2. Não cabe, no caso, falar de intimidade ou de vida privada, pois os dados objeto da divulgação em causa dizem respeito a agentes públicos enquanto agentes públicos mesmos; ou, na linguagem da própria Constituição, agentes estatais agindo “nessa qualidade” (§6º do art. 37). E quanto à segurança física ou corporal dos servidores, seja pessoal, seja familiarmente, claro que ela resultará um tanto ou quanto fragilizada com a divulgação nominalizada dos dados em debate, mas é um tipo de risco pessoal e familiar que se atenua com a proibição de se revelar o endereço residencial, o CPF e a CI de cada servidor.

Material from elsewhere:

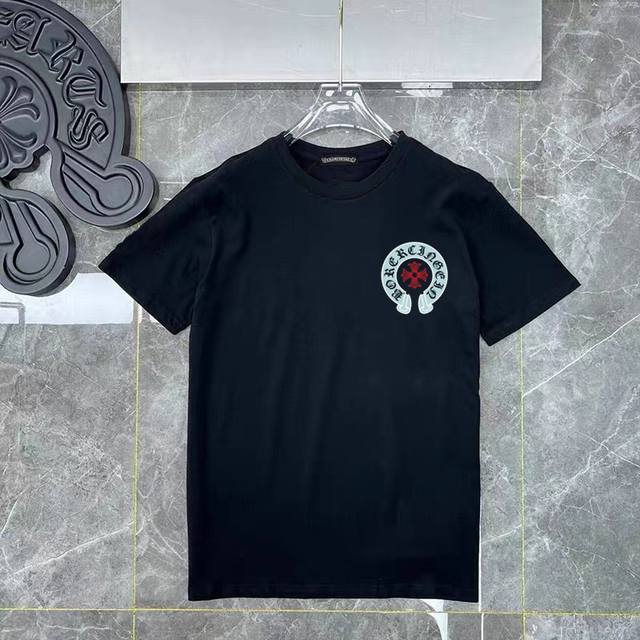 D39 Chrome Hearts black and white new short-sleeved T-shirt uses customized fabr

No mais, é o preço que se paga pela opção por uma carreira pública no seio de um Estado republicano.

3. A prevalência do princípio da publicidade administrativa outra coisa não é senão um dos mais altaneiros modos de concretizar a República enquanto forma de governo. Se, por um lado, há um necessário modo republicano de administrar o Estado brasileiro, de outra parte é a cidadania mesma que tem o direito de ver o seu Estado republicanamente administrado. O “como” se administra a coisa pública a preponderar sobre o “quem” administra – falaria Norberto Bobbio-, e o fato é que esse modo público de gerir a máquina estatal é elemento conceitual da nossa República. O olho e a pálpebra da nossa fisionomia constitucional republicana. 4. A negativa de prevalência do princípio da publicidade administrativa implicaria, no caso, inadmissível situação de grave lesão à ordem pública.

5. Agravos Regimentais desprovidos.

(STF - SS: 3902 SP, Relator: Min. AYRES BRITTO, Data de Julgamento: 09/06/2011, Tribunal Pleno, Data de Publicação: DJe-189 DIVULG 30-09-2011 PUBLIC 03-10-2011 EMENT VOL-02599-01 PP-00055).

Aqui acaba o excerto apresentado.